Pulmonary fibrosis is a chronic and irreversible progressive lung disease caused by various factors, such as age and environmental pollution. With countries stepping into an aging society and the seriousness of environmental pollution caused by global industrialization, the incidence of pulmonary fibrosis is annually increasing. However, no effective drug is available for pulmonary fibrosis treatment. C-phycocyanin (C-PC), extracted from blue-green algae, has good water solubility and antioxidation. This study elucidated that C-PC reinforces autophagy to block pulmonary fibrogenesis by inhibiting long noncoding RNA (lncRNA) biogenesis in vivo and in vitro. Cleavage under targets and release using nuclease (CUT & RUN)-PCR, co-immunoprecipitation (Co-IP), and nuclear–cytoplasmic separation experiments clarified that C-PC blocked the nuclear translocation of activating transcription factor 3 (ATF3) to prevent the binding between ATF3 and transcription factor Smad3, thereby hindering lncIAPF transcription. Human antigen R (HuR) truncation experiment and RNA binding protein immunoprecipitation (RIP) were then performed to identify the binding domain with lncIAPF in the 244–322 aa of HuR. lncIAPF exerted its profibrogenic function through the binding protein HuR, a negative regulator of autophagy. In summary, C-PC promoted autophagy via down-regulating the lncIAPF–HuR-mediated signal pathway to alleviate pulmonary fibrosis, showing its potential as a drug for treating pulmonary fibrosis. Exploring how C-PC interacts with biological molecules will help us understand the mechanism of this drug and provide valuable target genes to design new drugs.

Abstract Image

C-phycocyanin 可抑制 lncIAPF 的生物生成,从而加强自噬作用,阻止肺纤维化。

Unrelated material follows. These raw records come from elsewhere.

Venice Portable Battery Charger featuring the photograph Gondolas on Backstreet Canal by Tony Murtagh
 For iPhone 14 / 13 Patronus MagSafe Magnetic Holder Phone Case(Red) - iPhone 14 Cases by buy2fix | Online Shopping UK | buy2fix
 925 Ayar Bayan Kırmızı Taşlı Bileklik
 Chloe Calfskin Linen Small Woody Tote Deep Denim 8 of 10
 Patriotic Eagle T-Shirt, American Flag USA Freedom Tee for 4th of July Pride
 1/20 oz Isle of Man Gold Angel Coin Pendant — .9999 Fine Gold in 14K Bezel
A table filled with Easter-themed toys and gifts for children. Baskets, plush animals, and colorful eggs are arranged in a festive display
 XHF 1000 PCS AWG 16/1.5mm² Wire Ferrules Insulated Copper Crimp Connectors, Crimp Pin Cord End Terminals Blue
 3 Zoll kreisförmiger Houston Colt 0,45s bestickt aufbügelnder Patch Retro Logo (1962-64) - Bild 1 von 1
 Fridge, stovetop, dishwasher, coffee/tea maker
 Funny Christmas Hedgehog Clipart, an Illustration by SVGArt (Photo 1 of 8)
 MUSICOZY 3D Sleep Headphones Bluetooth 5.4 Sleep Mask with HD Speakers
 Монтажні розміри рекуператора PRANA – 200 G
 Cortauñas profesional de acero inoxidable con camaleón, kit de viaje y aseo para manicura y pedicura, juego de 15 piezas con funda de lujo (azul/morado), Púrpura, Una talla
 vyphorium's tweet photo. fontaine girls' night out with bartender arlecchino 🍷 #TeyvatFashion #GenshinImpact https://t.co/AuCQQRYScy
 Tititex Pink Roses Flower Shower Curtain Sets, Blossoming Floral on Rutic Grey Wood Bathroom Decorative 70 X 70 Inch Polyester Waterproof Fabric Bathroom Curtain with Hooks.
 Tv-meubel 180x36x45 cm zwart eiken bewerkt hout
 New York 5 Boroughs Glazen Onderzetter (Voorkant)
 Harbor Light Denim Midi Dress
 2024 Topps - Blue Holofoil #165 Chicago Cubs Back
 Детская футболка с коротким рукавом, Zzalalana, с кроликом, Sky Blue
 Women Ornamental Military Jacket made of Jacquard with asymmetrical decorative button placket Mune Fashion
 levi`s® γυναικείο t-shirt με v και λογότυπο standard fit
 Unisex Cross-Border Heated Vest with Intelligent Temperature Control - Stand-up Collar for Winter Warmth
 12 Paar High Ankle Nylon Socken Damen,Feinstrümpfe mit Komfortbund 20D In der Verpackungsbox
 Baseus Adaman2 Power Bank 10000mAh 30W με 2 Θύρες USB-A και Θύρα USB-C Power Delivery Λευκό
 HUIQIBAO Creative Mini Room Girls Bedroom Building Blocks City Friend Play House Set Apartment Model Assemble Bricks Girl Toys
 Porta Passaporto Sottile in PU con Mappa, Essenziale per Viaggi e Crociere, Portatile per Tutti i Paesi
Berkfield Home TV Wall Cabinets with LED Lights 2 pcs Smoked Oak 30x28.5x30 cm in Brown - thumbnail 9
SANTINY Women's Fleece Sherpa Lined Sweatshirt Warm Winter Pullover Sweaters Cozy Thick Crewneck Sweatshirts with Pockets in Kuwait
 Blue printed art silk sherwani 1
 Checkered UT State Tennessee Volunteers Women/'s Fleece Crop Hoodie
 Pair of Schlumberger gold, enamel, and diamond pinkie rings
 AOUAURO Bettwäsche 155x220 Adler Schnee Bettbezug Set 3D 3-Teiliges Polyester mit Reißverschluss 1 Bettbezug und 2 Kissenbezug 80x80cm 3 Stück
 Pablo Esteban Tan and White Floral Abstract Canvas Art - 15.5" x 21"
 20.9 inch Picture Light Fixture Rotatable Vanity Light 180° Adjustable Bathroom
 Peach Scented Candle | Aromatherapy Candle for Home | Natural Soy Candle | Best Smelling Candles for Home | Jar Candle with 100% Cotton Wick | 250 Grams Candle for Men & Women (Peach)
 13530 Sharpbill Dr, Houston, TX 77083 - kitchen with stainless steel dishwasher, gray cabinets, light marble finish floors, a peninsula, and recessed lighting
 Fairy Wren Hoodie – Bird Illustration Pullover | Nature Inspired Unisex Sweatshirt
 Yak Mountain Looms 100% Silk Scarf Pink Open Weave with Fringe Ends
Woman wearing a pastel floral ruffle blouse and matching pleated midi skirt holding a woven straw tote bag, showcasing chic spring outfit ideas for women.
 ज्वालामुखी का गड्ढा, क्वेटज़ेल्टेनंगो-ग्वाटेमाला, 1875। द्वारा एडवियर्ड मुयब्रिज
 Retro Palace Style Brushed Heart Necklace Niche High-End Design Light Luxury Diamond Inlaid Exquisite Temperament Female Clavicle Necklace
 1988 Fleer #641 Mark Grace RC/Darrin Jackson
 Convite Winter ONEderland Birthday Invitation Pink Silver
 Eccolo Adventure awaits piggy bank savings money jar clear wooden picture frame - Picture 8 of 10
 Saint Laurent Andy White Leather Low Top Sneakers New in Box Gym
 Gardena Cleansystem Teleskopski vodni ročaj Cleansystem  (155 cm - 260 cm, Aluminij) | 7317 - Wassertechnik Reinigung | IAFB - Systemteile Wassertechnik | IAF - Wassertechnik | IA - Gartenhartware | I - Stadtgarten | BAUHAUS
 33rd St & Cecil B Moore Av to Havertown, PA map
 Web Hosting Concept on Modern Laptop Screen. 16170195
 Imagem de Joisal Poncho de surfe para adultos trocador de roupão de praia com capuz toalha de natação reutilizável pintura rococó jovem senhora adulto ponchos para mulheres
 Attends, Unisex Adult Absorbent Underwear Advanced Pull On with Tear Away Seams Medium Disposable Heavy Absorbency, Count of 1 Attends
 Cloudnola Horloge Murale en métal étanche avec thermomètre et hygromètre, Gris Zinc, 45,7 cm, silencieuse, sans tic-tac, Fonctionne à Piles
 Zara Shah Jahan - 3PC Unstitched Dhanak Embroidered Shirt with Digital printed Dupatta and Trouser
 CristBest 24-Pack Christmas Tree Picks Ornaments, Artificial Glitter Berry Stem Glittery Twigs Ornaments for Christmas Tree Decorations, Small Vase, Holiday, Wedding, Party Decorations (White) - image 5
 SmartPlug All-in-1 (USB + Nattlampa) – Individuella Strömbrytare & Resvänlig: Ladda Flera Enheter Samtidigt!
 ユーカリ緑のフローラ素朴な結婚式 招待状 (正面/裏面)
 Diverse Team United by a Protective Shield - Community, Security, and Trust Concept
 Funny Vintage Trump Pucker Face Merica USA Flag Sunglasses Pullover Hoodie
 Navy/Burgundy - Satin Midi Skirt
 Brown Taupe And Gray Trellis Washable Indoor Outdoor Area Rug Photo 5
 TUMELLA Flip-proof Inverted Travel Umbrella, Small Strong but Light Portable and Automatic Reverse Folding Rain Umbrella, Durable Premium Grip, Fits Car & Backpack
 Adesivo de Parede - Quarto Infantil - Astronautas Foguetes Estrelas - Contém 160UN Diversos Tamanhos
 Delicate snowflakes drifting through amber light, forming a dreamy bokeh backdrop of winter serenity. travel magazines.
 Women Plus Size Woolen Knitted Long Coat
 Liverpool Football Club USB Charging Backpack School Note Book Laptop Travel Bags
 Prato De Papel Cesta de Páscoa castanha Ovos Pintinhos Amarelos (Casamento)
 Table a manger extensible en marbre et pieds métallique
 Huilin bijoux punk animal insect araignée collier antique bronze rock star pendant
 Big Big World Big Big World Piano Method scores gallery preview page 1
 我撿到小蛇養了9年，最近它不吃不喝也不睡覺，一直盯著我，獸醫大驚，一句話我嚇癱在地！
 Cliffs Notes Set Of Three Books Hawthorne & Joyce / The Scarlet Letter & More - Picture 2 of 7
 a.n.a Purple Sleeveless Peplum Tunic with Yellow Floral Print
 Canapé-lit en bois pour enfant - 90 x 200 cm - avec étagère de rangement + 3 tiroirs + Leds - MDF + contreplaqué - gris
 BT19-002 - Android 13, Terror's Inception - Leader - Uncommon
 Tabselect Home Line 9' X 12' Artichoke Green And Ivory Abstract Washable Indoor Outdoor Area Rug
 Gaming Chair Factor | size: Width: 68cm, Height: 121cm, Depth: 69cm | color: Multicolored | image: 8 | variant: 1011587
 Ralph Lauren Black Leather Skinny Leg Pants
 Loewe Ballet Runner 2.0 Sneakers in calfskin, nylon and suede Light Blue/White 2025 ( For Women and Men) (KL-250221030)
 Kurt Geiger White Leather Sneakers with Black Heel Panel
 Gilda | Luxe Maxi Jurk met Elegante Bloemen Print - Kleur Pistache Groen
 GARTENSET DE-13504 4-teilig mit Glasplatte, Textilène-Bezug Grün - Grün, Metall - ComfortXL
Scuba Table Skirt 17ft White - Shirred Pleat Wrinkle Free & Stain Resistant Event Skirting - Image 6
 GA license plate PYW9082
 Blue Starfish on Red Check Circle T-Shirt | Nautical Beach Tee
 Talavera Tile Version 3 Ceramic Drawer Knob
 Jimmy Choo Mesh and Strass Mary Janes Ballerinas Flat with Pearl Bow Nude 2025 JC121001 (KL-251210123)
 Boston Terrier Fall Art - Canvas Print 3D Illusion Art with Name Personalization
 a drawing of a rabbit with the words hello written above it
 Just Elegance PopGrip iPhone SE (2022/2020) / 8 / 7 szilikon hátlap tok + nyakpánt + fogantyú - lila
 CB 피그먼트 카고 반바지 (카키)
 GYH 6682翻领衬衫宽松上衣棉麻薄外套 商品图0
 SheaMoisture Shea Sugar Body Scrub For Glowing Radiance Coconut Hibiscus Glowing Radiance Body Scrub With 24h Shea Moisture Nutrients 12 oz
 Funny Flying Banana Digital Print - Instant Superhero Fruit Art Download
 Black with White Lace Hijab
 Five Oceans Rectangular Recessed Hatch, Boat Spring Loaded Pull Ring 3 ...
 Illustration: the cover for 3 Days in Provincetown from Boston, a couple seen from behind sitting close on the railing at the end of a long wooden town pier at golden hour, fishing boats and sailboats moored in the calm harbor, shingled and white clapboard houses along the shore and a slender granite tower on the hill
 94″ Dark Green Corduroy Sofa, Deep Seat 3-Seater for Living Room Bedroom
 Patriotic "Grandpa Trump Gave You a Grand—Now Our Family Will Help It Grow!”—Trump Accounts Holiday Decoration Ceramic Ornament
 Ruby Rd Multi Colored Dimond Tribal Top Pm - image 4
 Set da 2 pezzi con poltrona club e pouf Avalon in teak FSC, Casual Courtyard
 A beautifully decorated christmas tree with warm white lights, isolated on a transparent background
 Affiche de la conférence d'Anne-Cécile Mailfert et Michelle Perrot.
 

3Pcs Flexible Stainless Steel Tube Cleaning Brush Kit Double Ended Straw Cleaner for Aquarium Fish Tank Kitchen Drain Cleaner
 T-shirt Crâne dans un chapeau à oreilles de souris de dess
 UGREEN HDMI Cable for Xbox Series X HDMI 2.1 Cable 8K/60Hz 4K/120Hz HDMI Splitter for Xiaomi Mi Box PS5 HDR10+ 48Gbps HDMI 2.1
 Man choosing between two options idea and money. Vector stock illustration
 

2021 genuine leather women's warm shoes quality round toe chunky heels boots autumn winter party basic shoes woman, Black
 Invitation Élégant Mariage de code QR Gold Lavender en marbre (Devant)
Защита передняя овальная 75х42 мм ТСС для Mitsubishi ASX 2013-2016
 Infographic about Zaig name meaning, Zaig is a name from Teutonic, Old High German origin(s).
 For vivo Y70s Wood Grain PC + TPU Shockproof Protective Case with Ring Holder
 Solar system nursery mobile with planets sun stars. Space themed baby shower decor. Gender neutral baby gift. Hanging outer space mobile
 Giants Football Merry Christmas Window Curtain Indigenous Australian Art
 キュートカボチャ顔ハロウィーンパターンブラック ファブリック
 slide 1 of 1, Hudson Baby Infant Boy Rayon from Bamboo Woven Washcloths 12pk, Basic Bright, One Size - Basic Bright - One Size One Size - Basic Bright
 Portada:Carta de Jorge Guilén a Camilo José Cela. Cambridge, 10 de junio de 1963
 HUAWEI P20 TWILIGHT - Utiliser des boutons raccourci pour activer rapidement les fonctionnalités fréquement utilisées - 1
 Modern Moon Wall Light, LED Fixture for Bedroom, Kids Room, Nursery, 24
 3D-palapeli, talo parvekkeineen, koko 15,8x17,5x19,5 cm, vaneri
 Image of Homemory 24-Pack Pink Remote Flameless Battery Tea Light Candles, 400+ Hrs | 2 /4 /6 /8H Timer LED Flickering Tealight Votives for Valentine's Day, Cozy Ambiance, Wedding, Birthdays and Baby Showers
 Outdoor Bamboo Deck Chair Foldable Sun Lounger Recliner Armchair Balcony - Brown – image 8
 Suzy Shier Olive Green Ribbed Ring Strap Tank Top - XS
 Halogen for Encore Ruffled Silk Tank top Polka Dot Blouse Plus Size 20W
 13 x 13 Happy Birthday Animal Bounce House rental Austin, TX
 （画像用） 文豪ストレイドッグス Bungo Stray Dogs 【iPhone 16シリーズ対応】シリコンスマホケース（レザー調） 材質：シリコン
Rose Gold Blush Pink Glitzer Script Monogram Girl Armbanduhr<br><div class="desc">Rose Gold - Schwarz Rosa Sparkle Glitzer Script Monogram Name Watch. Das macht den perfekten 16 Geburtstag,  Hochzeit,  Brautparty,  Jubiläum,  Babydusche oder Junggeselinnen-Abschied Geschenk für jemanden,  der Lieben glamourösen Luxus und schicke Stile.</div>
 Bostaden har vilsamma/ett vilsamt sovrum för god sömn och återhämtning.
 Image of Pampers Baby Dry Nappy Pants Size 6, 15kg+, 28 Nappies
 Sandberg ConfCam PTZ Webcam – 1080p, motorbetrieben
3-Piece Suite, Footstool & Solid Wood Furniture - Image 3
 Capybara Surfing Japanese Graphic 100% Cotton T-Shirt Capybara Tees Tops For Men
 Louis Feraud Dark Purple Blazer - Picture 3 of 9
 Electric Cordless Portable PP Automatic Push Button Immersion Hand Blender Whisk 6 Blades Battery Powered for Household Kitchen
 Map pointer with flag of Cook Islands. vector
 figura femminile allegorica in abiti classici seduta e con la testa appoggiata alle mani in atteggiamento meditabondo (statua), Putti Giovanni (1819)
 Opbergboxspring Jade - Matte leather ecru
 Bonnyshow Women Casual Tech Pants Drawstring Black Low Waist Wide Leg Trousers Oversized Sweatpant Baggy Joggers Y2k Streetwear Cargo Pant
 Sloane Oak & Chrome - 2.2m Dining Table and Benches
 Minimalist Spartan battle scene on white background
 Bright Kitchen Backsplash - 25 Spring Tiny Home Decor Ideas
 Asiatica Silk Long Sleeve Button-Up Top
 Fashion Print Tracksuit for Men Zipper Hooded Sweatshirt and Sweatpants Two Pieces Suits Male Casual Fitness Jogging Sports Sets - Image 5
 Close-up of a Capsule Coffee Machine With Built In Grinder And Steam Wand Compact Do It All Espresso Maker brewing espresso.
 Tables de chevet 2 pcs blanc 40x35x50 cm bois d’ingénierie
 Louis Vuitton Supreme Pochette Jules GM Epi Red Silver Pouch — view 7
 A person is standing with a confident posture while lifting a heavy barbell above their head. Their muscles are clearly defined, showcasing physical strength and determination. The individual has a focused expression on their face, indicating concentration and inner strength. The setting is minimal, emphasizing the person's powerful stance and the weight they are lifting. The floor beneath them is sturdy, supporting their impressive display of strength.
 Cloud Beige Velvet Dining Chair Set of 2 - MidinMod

肺纤维化是由年龄、环境污染等多种因素引起的一种慢性、不可逆的进行性肺部疾病。随着各国步入老龄化社会,以及全球工业化带来的严重环境污染,肺纤维化的发病率呈逐年上升趋势。然而,目前还没有治疗肺纤维化的有效药物。从蓝绿藻中提取的 C-PC 具有良好的水溶性和抗氧化性。这项研究阐明,C-PC 可在体内和体外抑制长非编码 RNA(lncRNA)的生物生成,从而加强自噬作用,阻止肺纤维化的发生。利用核酸酶(CUT & RUN)-PCR、共免疫沉淀(Co-IP)和核-细胞质分离实验对目标的裂解和释放进行了研究,结果表明,C-PC阻断了活化转录因子3(ATF3)的核转位,阻止了ATF3与转录因子Smad3之间的结合,从而阻碍了lncIAPF的转录。lncIAPF 通过与自噬负调控因子 HuR 的结合蛋白发挥其抗自噬功能。综上所述,C-PC通过下调lncIAPF-HuR介导的信号通路促进自噬,从而缓解肺纤维化,显示了其作为治疗肺纤维化药物的潜力。探索 C-PC 与生物分子的相互作用将有助于我们了解这种药物的作用机制,并为设计新药提供有价值的靶基因。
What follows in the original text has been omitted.